As well as working with ClearView, we are taking soundings from an advisory group that we have set up, that will provide us with a range of expert perspectives in this area. The group is made up of clinicians, service providers, researchers and campaigners. Collectively they perform a vital ‘critical friend’ role and will challenge and support us along the way. The members are:
- Hannah Atherton, Senior Insight Account Manager, NHS England, and Clare Enston, Head of Insight and Feedback, NHS England
- Owen Chinembiri, Senior Implementation Lead, NHS Race and Health Observatory
- Dharmi Kapadia, Lecturer in Sociology, Manchester University
- Mavis Machirori, Senior Researcher, Ada Lovelace Institute
- Rohini Mathur, Assistant Professor of Epidemiology, London School of Hygiene and Tropical Medicine
- Winston Morgan, Reader in Toxicology and Clinical Biochemistry, Medicines Research Group, University of East London
- Parth Patel, research fellow at IPPR & UCL Institute of Health Information, junior doctor
- Peter Short, Clinical Lead GP Data for Planning and Research, NHS Digital.
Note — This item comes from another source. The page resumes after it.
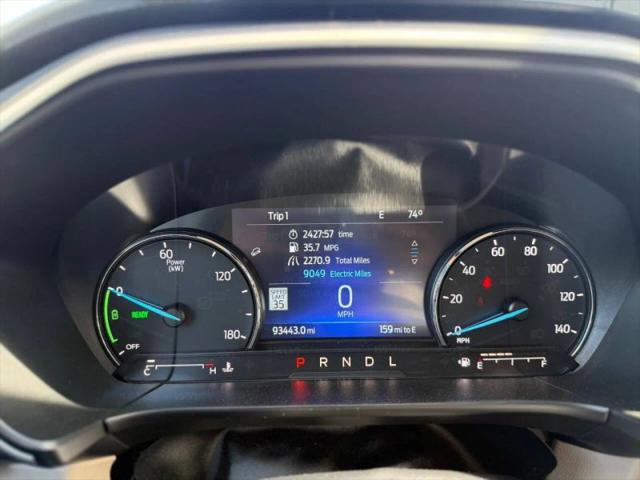 2021 Ford Escape SEL Hybrid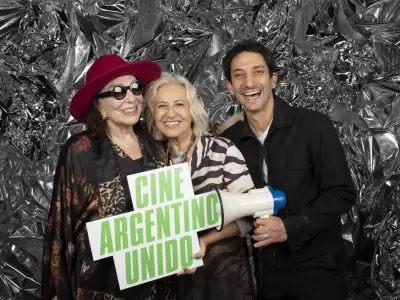 fiesta cine argentino unido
We are grateful to everyone in the group for giving their time to this project.
The group first met ahead of the kickoff with ClearView and gave us invaluable advice on the range of participants to involve in engagement sessions and the most worthwhile areas to explore. We also discussed – crucially – how to share the findings in the most effective way possible, to reach people who can make a difference.
Making it count
The conversations with Black and South Asian people will carry through to early next year. Once we have a better understanding of people’s views, we will work with members of the public and health care staff to cocreate ‘best practice’ resources for use by staff on the ground, to support better transparency about health data and why it’s used. It’s important to us that we support open and honest conversations about data that give people the full picture, rather than seeking to persuade.
We will then share our findings and the resources with policy makers, NHS leaders and professional bodies so they can use them to improve health policy, practice and training. And we will carry on the conversation with communities that we have worked with on this project. We hope people will be interested in the results – and what we are doing to ensure they make a difference.